Verification charges: Every lender; whether it is a bank or an NBFC requires assurance that the borrower has the capacity to repay the loan amount within a stipulated tenure. Suppose you apply for a personal loan from a bank. In that case, the bank hires a third-party, external agency to verify your credit behaviour. The external agency checks your credit repayment behaviour and your credit scores and submits a report of the same to the bank. Since the borrower is the beneficiary of the loan, the verification charges are to be borne by him as it becomes an added cost for the bank.
Processing charges: When you apply personal loan, banks have to bear certain administrative charges to process and sanction the loan amount. As a result they charge a processing fee. The processing fee is typically a small amount which amounts to approximately 0.5% to 2.50% of the total loan amount. The rate may vary from lender to lender and a minimum and maximum amount is also set. This is usually a fixed rate with no room for negotiation. The borrower has the choice to either pay the processing fees upfront or have the fee amount deducted from the loan amount during disbursal.

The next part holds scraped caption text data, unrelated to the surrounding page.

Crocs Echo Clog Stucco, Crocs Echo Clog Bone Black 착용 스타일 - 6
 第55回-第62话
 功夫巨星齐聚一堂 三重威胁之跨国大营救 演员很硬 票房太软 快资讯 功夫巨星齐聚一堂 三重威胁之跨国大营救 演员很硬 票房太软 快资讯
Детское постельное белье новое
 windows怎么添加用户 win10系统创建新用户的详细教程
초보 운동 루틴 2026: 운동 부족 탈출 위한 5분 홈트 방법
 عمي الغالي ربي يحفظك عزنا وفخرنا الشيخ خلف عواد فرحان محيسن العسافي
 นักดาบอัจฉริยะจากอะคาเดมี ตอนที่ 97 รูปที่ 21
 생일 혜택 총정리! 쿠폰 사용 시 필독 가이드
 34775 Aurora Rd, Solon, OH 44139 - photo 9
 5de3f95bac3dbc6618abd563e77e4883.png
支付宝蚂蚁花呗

GST tax: Completing the loan formality is considered a service which is rendered by the bank or NBFC. In some cases, borrowers may even require certain additional service during the entire duration of the loan; from sanctioning to repayment. To this effect, the borrower must bear a small fee, which is the GST tax on the personal loan.
EMI default penalty: Borrowers may repay the loan amount in affordable equated monthly instalments or EMIs. They must ensure that they have sufficient finds in their savings accounts to pay the monthly instalments on time. Should a borrower fail to pay an instalment, he may have to pay a penalty for defaulting on the EMI payment.
Prepayment charges: Banks earn money from the interest paid by borrowers on the loan amount. If a borrower decides to pay off his debt before the chosen tenure, the bank typically incurs a loss on their investment. This is why they levy foreclosure charges. You may have to pay a small foreclosure/prepayment charge of 2-4% if you choose to repay your personal loan before its stipulated tenure.